Bordertown di Gregory Nava è il primo film in competizione alla 57. edizione della Berlinale ad essere apertamente fischiato, cosa inusuale per una platea normalmente abbastanza educata come quella della stampa berlinese. Allo screening segue una conferenza stampa affollatissima grazie all'attrattiva rappresentata da Jennifer Lopez, che sfoggia un ricciuto carrè e un bell'abito da cocktail; con lei c'è il regista, la produttrice Barbara Martinez Jitner e la co-star Antonio Banderas - dopo la ricezione tiepida del suo El camino de los ingleses, presentato due giorni fa, un po' meno entusiasta, ma comunque in grado di fare impazzire i fotografi. Per nulla frivolo è il film, in cui la Lopez interpreta una reporter di orgine messicana che indaga sull'infinita serie di omicidi con vittime giovani donne della cittadina al confine di Juarez, aggredite al ritorno dal lavoro nelle grandi aziende della zona, finanziate da cororations statunitensi.

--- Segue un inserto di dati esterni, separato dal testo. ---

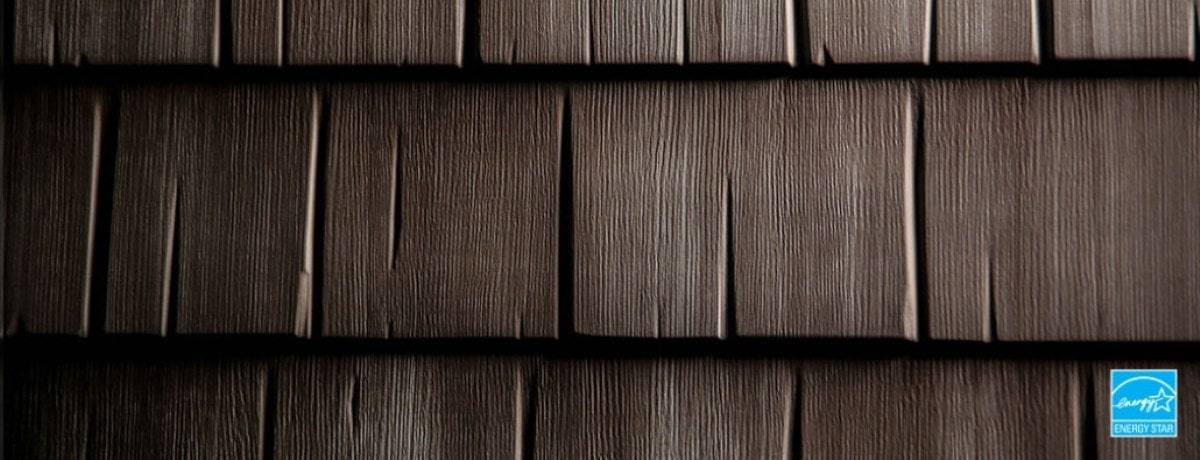 Community Roofing of VA Images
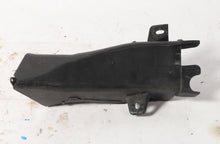 2012-2019 BMW 640I Gran Coupe Passenger Right Front Intake Air Duct 187798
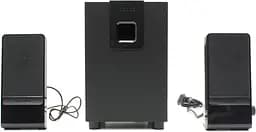 Компьютерные колонки 2.1 Microlab M-100 - мініатюра 3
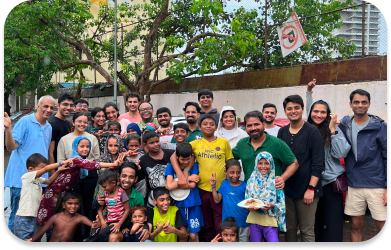 Screenshot20231102at20312529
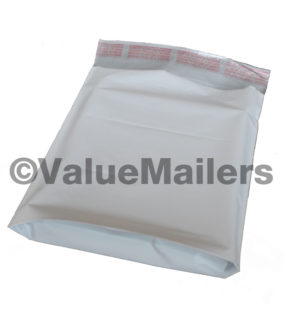 10x13 Gusseted Expansion Mailers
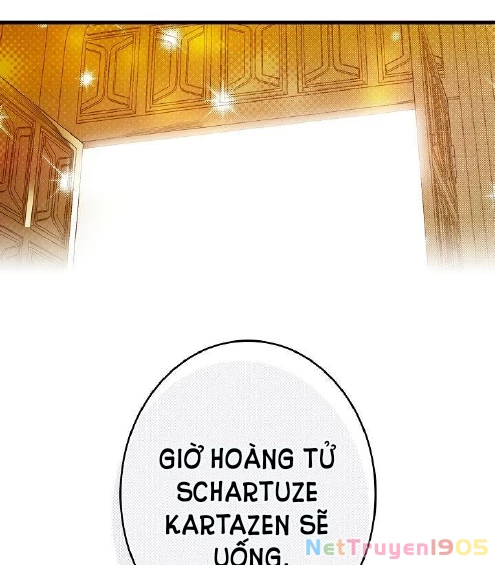 Quý Cô Bí Ẩn - Secret Lady Chapter 12 - 52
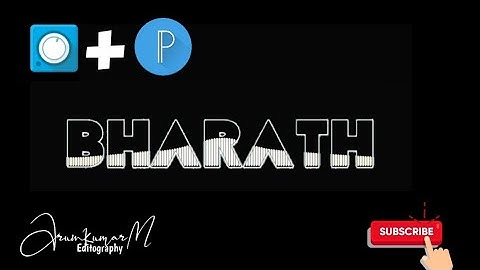 How to make Music bars in letters using pixellab and avee player 🔥🔥||AK creations||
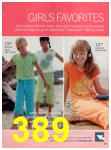 2004 JCPenney Spring Summer Catalog, Page 389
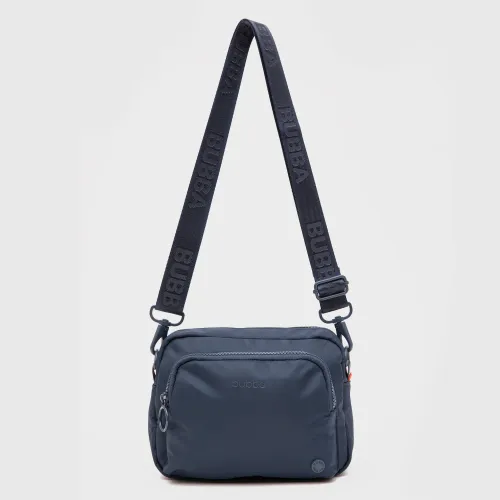 BUBBA BAGS Purse Mujer Anytime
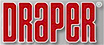 Draper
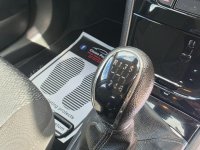 VAUXHALL MOKKA X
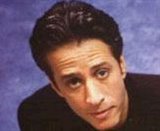 Jon Stewart Photo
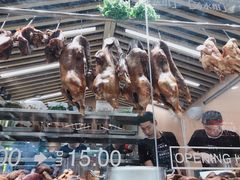 -狮头牌卤味研究所·卤味饭(花城汇南区店)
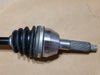 POLARIS Rear Driveshaft Assembly 1332692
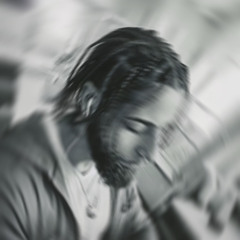 KidSwavee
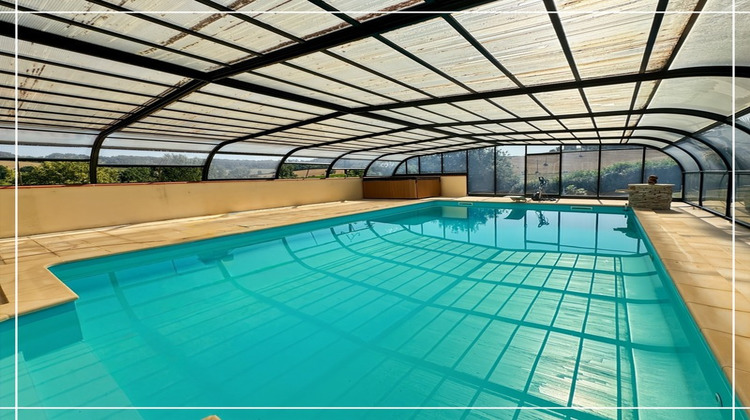 Ma-Cabane - Vente Maison JEGUN, 162 m²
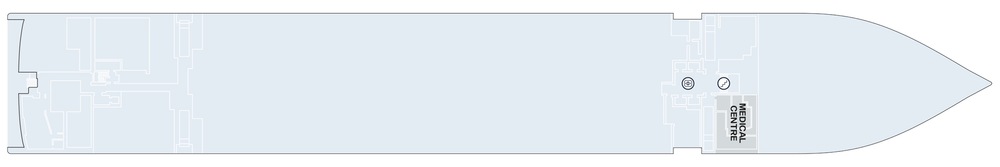 Explora Journeys, Explora II Deck 3.jpg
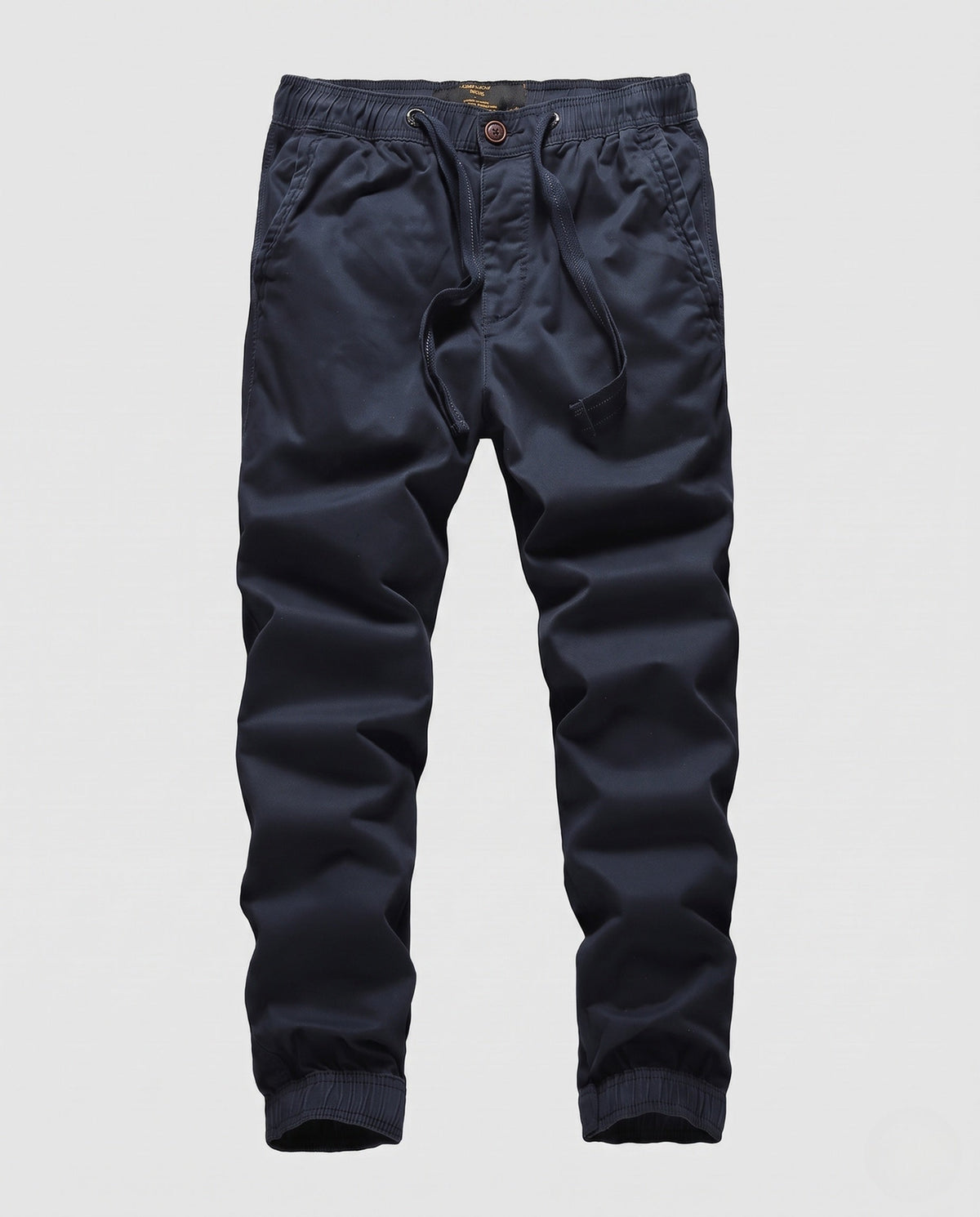 Product 16013406732618 - product_only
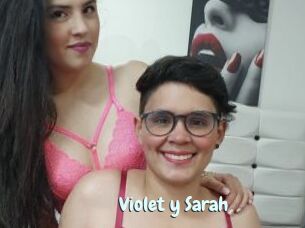 Violet_y_Sarah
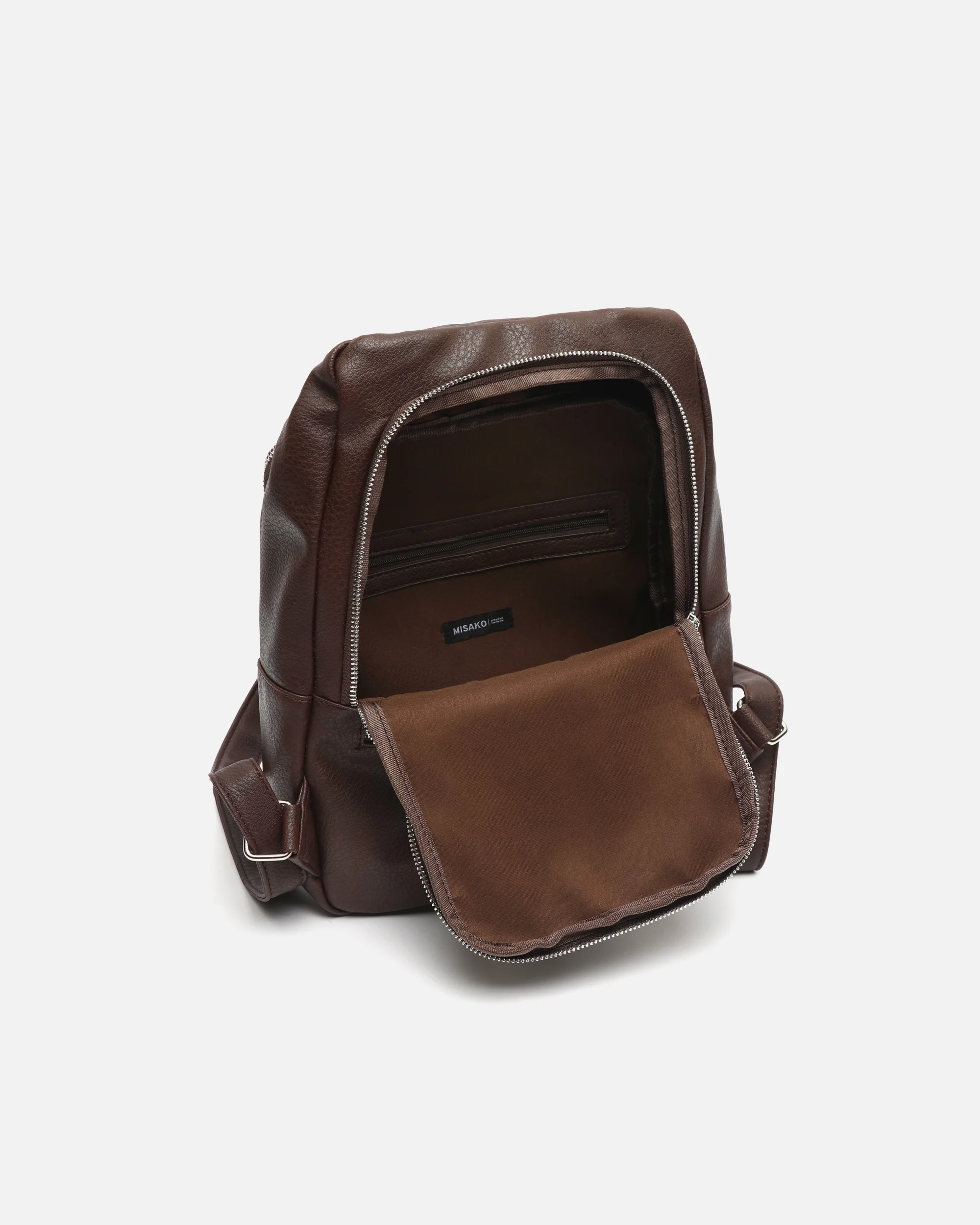 Novil mochila antirrobo - Image 5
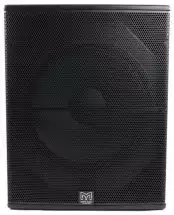  Martin Audio X118B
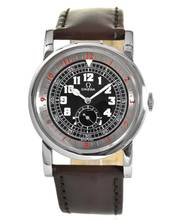 Thumbnail von Omega Museum 1938 Ref. 5700.50.07 </h1>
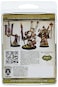 Privateer Press Protectorate of Menoth  Reclaimer Model Kit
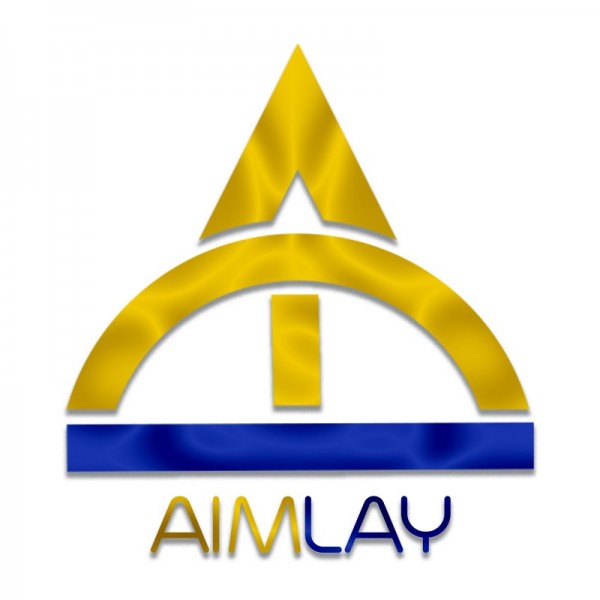 Aimlay Research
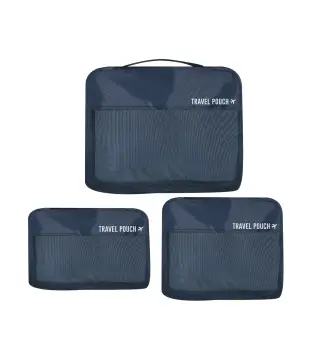 Set Organizador Combol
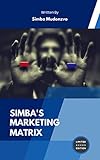 Simba Academy Ltd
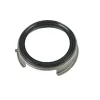 Transtec Bonded Piston 47965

Visto l'impegno di questo film, pensate di destinare parte degli incassi alle famiglie delle donen assassinate di cui si parla?
Gregory Nava: Questo è un film indipendente, con ogni probabilità andrà bene se ci rifaremo del budget. E' possibile comunque fare donazioni ad un'associazione che si occupa delle famiglie colpite da questa tragedia sul sito di Amnesty International. Il nostro scopo, comunque quello di creare consapevolezza nella gente in modo da creare pressioni sui governi messicano e americano perché risolvano questo problema.
Jennifer Lopez, cosa ha significato per lei incontrare le persone colpite?
Jennifer Lopez: E' una cosa che mi ha sconvolto. Io abito così vicino al confine con il Messico, eppure non sapevo nulla di questa tragedia, almeno fino a quando non mi fu proposto questo progetto. Non riuscivo a crederci.
Come si è preparata al ruolo?
Jennifer Lopez: Ho lavorato con la sceneggiatura, per conoscerla a fondo, e poi ho avuto l'aiuto di Barbara Martinez Jitner, che ha vissuto qualcosa di molto simile al mio personaggio.
Le autorità hanno cercato di boicottare le riprese come accade con le indagini narrate nel film?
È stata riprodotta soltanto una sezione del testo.